No other improvement was noted.
# Aligned Data
Trimmed reads were:
1. aligned to the reference genome using `STAR 2.7.0d` and summarised to each gene using `featureCounts`. These counts were to be used for all gene-level analysis
2. aligned using kallisto to a modified transcriptome which contained the *psen2^S4Ter^* sequence as an 'alternative' transcript of *psen2*. This data was used for genotype checking, and assessing any GC bias in the data. Whilst transcript-level information is included for rRNA genes in the `EnsDb` object, these transcripts are **excluded** by default from the reference transcriptome provided by Ensembl.
```{r catchKallisto, include=FALSE}
kallisto <- list.dirs("data/3_kallisto/") %>%
setdiff("data/3_kallisto/") %>%
catchKallisto()
```
## Genotype Checking
```{r checkGenotype, fig.cap = "*CPM obtained for both WT and S4Ter mutant transcripts of psen2*", fig.width=8}
cpm(kallisto$counts) %>%
.[c("ENSDART00000006381.8", "psen2S4Ter"),] %>%
as.data.frame() %>%
rownames_to_column("psen2") %>%
pivot_longer(cols = contains("kall"), names_to = "Sample", values_to = "CPM") %>%
mutate(
Sample = basename(Sample),
psen2 = case_when(
psen2 == "psen2S4Ter" ~ "S4Ter",
psen2 != "psen2S4Ter" ~ "WT"
)
) %>%
left_join(samples, by = c("Sample" = "sampleName")) %>%
ggplot(aes(sampleID, CPM, fill = psen2)) +
geom_bar(stat = "identity") +
scale_fill_manual(values = twoCols) +
facet_wrap(~genotype, nrow = 1, scales = "free_x")
```
As all samples demonstrated the expected expression patterns, no mislabelling was detected in this dataset.
## GC Content
```{r gcInfo}
gcInfo <- kallisto$counts %>%
as.data.frame() %>%
rownames_to_column("tx_id") %>%
dplyr::filter(
tx_id != "psen2S4Ter"
) %>%
as_tibble() %>%
pivot_longer(
cols = contains("kall"),
names_to = "sampleName",
values_to = "counts"
) %>%
dplyr::filter(
counts > 0
) %>%
mutate(
sampleName = basename(sampleName),
tx_id_version = tx_id,
tx_id = str_replace(tx_id, "(ENSDART[0-9]+).[0-9]+", "\\1")
) %>%
left_join(
mcols(grTrans) %>% as.data.frame()
) %>%
dplyr::select(
ends_with("id"), sampleName, counts, gc_content, length
) %>%
split(f = .$sampleName) %>%
lapply(function(x){
DataFrame(
gc = Rle(x$gc_content/100, x$counts),
logLen = Rle(log10(x$length), x$counts)
)
}
)
gcSummary <- gcInfo %>%
vapply(function(x){
c(mean(x$gc), sd(x$gc), mean(x$logLen), sd(x$logLen))
}, numeric(4)
) %>%
t() %>%
set_colnames(
c("mn_gc", "sd_gc", "mn_logLen", "sd_logLen")
) %>%
as.data.frame() %>%
rownames_to_column("sampleName") %>%
as_tibble() %>%
left_join(dplyr::filter(samples, reads == "R1")) %>%
dplyr::select(starts_with("sample"), genotype, contains("_"))
```
```{r gcCors}
gcCors <- rawGC %>%
dplyr::filter(reads == "R1") %>%
dplyr::select(starts_with("sample"), genotype, Freq, reads) %>%
left_join(gcSummary) %>%
dplyr::select(Freq, mn_gc, mn_logLen) %>%
cor()
```
The initial QC steps identified an unusually large proportion of reads with >70% GC content.
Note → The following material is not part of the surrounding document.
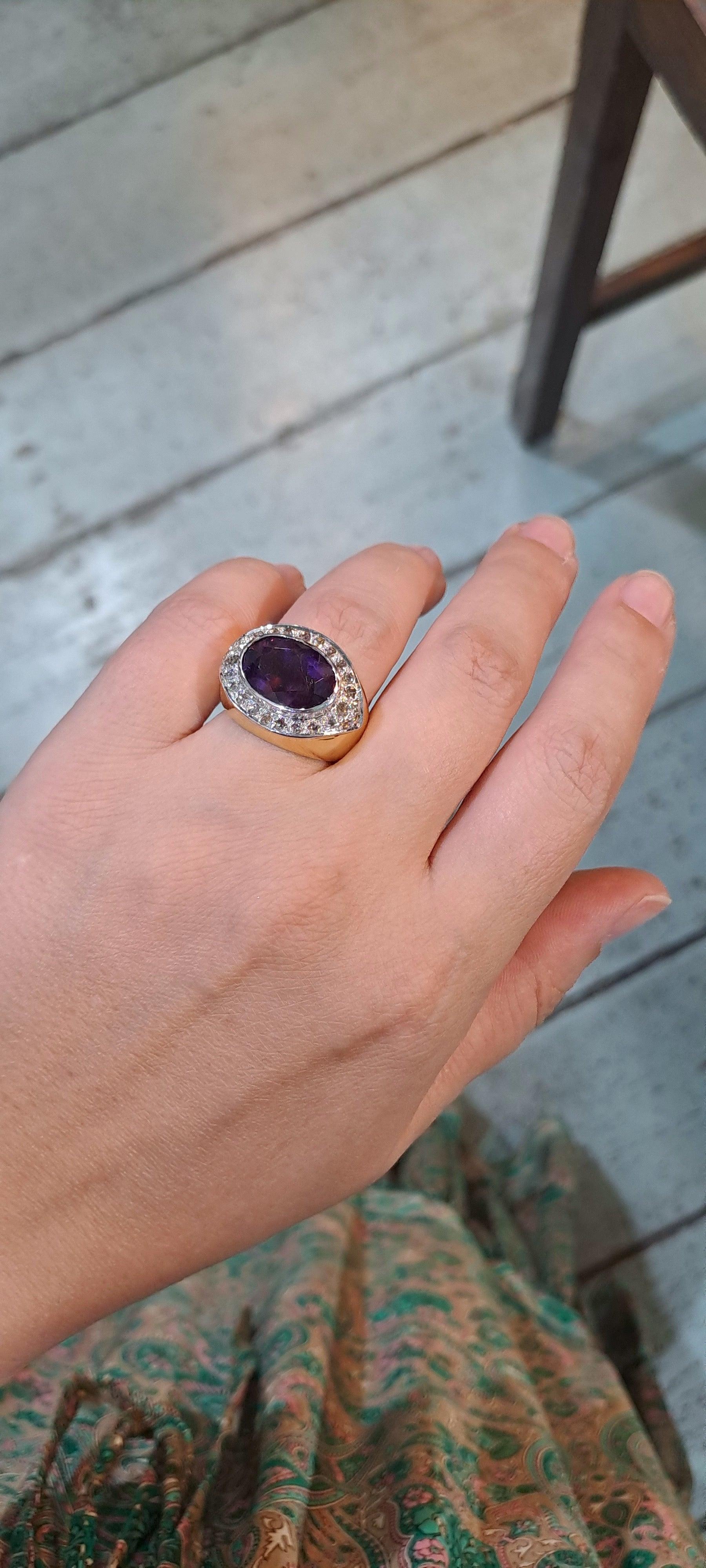 Ring in 18k gold with Amethyst stone and brilliants (B-105)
As such an exploration of any residual impacts this may have on the remainder of the library was performed.
A *run length encoded* (RLE) vector was formed for each sample taking the number of reads for each transcript as the run lengths, and both the GC content and length of each transcript as the values.
Transcript lengths were transformed to the log~10~ scale due to the wide variety of lengths contained in the transcriptome.
From these RLEs, the mean GC and mean length was calculated for each sample, and these values were compared to the proportion of raw reads with > 70% GC, taking these values from the R1 libraries only.
- **A correlation of `r percent(gcCors["Freq", "mn_gc"])` was found between the mean GC content after summarisation to transcript-level counts and the proportion of the original sequence libraries with >70% GC.** This makes intuitive sense and suggests that the amount of high-GC reads in the initial libraries, as representative of incomplete rRNA removal, negatively biases the GC composition of the non-ribosomal RNA component of the library.
- **A correlation of `r percent(gcCors["Freq", "mn_logLen"])` was found was found between the mean transcript length of the libraries after summarisation to transcript-level counts and the proportion of the original sequence libraries with >70% GC.** This is far less obvious mechanistically, but suggests that **incomplete rRNA removal also biases the fragmentation or length selection process**.
Given the more successful rRNA-removal in the wild-type samples, this dataset is likely to contain significant GC and Length bias which is non-biological in origin.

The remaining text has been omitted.